El piloto monegasco rompe su racha en el Gran Premio de Gran Bretaña tras un colapso mecánico de Kimi Antonelli y el abandono final de Max Verstappen detrás del coche de seguridad
El Circuito de Silverstone vivió una de las resoluciones más inesperadas de la temporada en la novena ronda del calendario mundial. Charles Leclerc logró subirse a lo más alto del podio tras cuajar una actuación sólida y regular desde el apagado de los semáforos. Con este triunfo, el monegasco rompe de golpe una dinámica muy negativa que arrastraba en el campeonato desde el pasado mes de mayo.

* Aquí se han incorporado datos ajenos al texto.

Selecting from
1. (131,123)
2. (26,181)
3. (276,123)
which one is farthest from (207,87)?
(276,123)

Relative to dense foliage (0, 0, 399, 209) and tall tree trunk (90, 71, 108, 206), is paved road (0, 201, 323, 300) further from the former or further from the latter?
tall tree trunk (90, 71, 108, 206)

La carrera estuvo marcada por completo por la gestión de los neumáticos y los repentinos problemas mecánicos de los grandes favoritos. Además, el asfalto británico exigió el máximo a los monoplazas, propiciando un desenlace neutralizado que impidió los ataques de última hora. En este escenario de alta tensión, la escudería de Maranello ejecutó su plan a la perfección para reencontrarse con la victoria.
El colapso mecánico de Mercedes en el Gran Premio
El Gran Premio de Gran Bretaña arrancó con un ritmo frenético y variaciones de peso en los puestos de vanguardia. Kimi Antonelli partía desde la pole position, pero una mala salida permitió a los Ferrari tomar la delantera de forma inmediata. Sin embargo, el ritmo del italiano en las vueltas posteriores demostró que tenía velocidad de sobra para pelear por el liderato.

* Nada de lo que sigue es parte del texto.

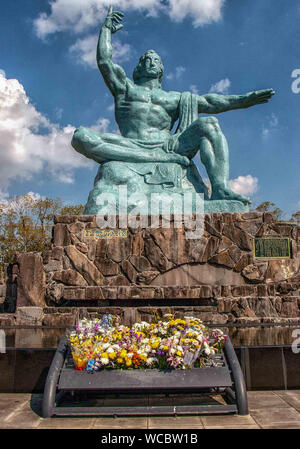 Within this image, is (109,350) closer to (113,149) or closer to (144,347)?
(144,347)

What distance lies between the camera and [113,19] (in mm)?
8812

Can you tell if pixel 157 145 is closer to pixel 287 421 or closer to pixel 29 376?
pixel 29 376

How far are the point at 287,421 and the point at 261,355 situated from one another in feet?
2.44

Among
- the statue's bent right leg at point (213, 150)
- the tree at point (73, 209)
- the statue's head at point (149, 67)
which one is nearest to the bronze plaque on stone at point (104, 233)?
the statue's bent right leg at point (213, 150)

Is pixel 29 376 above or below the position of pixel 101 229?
below

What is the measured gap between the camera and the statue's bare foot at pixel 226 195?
24.6 feet

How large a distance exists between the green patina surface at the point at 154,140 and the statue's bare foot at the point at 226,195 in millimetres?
19

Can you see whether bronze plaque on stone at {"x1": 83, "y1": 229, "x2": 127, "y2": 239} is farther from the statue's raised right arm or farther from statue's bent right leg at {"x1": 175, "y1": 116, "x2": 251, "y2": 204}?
the statue's raised right arm

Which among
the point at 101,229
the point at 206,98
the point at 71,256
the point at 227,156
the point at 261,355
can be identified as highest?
the point at 206,98

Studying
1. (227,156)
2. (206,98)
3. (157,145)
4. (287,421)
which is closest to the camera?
(287,421)

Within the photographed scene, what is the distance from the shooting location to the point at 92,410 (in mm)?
2926

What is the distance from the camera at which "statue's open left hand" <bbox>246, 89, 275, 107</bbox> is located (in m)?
8.71

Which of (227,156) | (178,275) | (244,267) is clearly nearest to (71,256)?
(178,275)

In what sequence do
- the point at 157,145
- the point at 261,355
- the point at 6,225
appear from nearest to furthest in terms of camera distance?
the point at 261,355, the point at 157,145, the point at 6,225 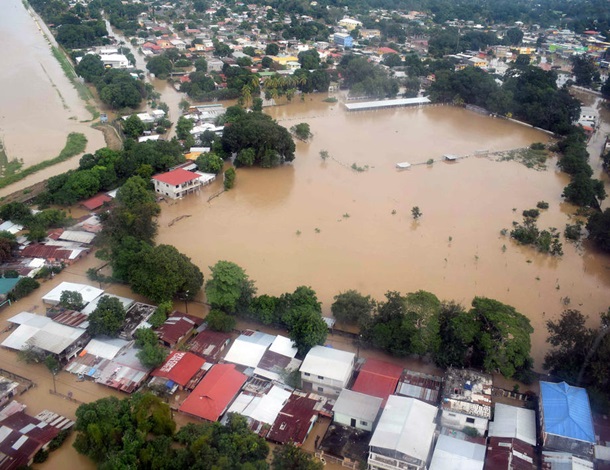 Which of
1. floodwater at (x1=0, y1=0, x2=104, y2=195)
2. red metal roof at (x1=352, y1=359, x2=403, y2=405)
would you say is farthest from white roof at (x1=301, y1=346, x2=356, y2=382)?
floodwater at (x1=0, y1=0, x2=104, y2=195)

La estrategia de las flechas plateadas funcionó al prolongar la primera tanda de neumáticos diez vueltas más que sus rivales directos. Tras su paso por boxes, Antonelli inició una persecución implacable recortando distancias con Leclerc a un ritmo superior a las cuatro décimas por vuelta. En ese instante de la carrera, la degradación de las gomas parecía sonreír por completo al equipo de Brackley.

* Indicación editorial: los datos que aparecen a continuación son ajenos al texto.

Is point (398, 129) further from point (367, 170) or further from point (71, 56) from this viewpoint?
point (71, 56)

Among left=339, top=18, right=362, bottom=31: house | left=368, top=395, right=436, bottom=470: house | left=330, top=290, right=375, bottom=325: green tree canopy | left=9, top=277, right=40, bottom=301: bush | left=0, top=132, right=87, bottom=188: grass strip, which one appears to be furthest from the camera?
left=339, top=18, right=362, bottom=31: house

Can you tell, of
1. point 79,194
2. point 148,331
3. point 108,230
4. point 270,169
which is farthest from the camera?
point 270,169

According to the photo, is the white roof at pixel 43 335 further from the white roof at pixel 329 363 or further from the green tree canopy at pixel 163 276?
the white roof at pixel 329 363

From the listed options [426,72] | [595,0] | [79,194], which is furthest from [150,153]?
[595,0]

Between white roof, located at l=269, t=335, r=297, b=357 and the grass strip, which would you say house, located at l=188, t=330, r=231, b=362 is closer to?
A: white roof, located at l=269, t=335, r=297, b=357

Sin embargo, toda esta remontada se desmoronó cuando aparecieron problemas graves en el protector de la rueda delantera izquierda del Mercedes número doce. El coche se volvió ingobernable para el joven piloto, obligándole a pasar por el pit lane dos veces para buscar soluciones. Esta avería arruinó su domingo y le relegó a la decimoquinta plaza final tras recibir una sanción por límites de pista.
Un desenlace neutralizado y la frustración en Red Bull
Por detrás del líder, la batalla por las plazas de podio mantuvo en vilo a las gradas de Silverstone. Lewis Hamilton arrastró una penalización de cinco segundos por adelantarse en la salida, lo que condicionó por completo su paso por los boxes. A pesar de este contratiempo, el piloto británico logró mantenerse en la zona noble compitiendo cara a cara contra Max Verstappen.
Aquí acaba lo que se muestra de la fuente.